Prior to December 4, 2010, speculation was rampant and opinions were strong regarding Google’s (GOOG) controversial bid for Groupon, one of the fastest growing companies in the technology space.  It was reported that Google had made an offer of $5.3 billion for the booming online coupon shopping portal, with a further $700 million to be based on Groupon’s ability to achieve certain performance targets.  The deal itself had investors and analysts abuzz, questioning whether the acquisition was the right move for either company.  Some with a stake in Google feared that the valuation on Groupon was unjustified and that the online search powerhouse could internally replicate the web-based marketing services provided by the company it was attempting to acquire, without the $6 billion price tag. Conversely, there were supporters of Groupon who felt that the website’s extraordinary growth potential meant that Google was an unnecessary addition to an already promising future.  However, as stakeholders in both companies waited to hear the outcome of what was believed to be a likely acquisition, the unexpected news broke out that the deal had officially been turned down.  Suddenly, all of the preceding qualms and concerns had become irrelevant, and the end was marked of what would have been the most expensive acquisition in Google’s history. 

In the last few years, Google has made successful bids for many notable online businesses including dMarc Broadcasting, YouTube, DoubleClick, Postini, AdMob, ITA Software, and Slide.com.  Even the most costly of those, however, (DoubleClick – $3.1 billion) represents less than half of what Google was willing to spend to acquire a business hardly two years old.  So what makes Groupon so special?  First, the company is a strange creature in platform-obsessed Silicon Valley, as it was not founded by a Stanford computer scientist, but a Northwestern music major, Andrew Mason.  The company’s business model is built on linking merchants wanting to offer substantial deals to their consumers to the critical masses.
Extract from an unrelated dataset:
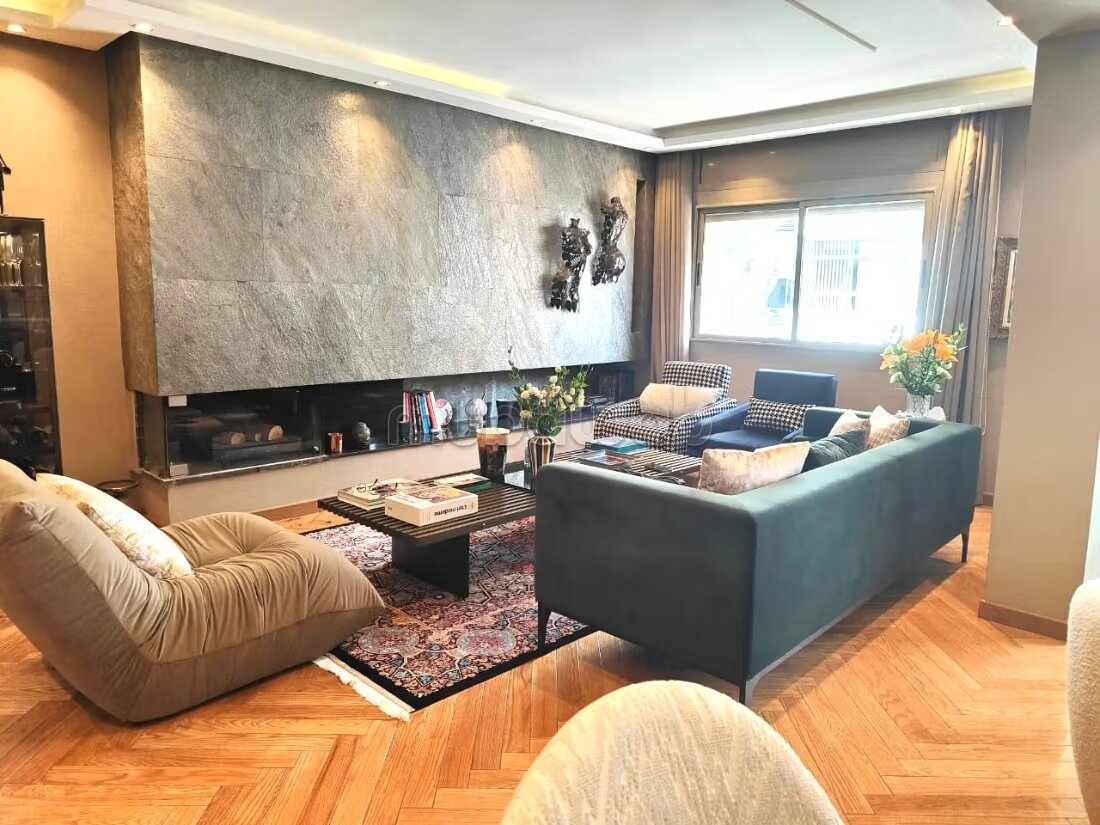 Appartement 200 m² à vendre à Casablanca (Racine) — Photo 2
The deals are featured on Groupon’s website and customers pay Groupon directly.  Subsequently, the company pays the merchant its share for advertising with them, while retaining 50% of the revenue generated from sales.  It is this simple model that has transformed the firm into a runaway success a mere two years after its inception.  Groupon is currently on track to book $500 million in revenue this year, is backed by a 3,000-person sales force, and has the reputed title of the fastest growing company in U.S. history.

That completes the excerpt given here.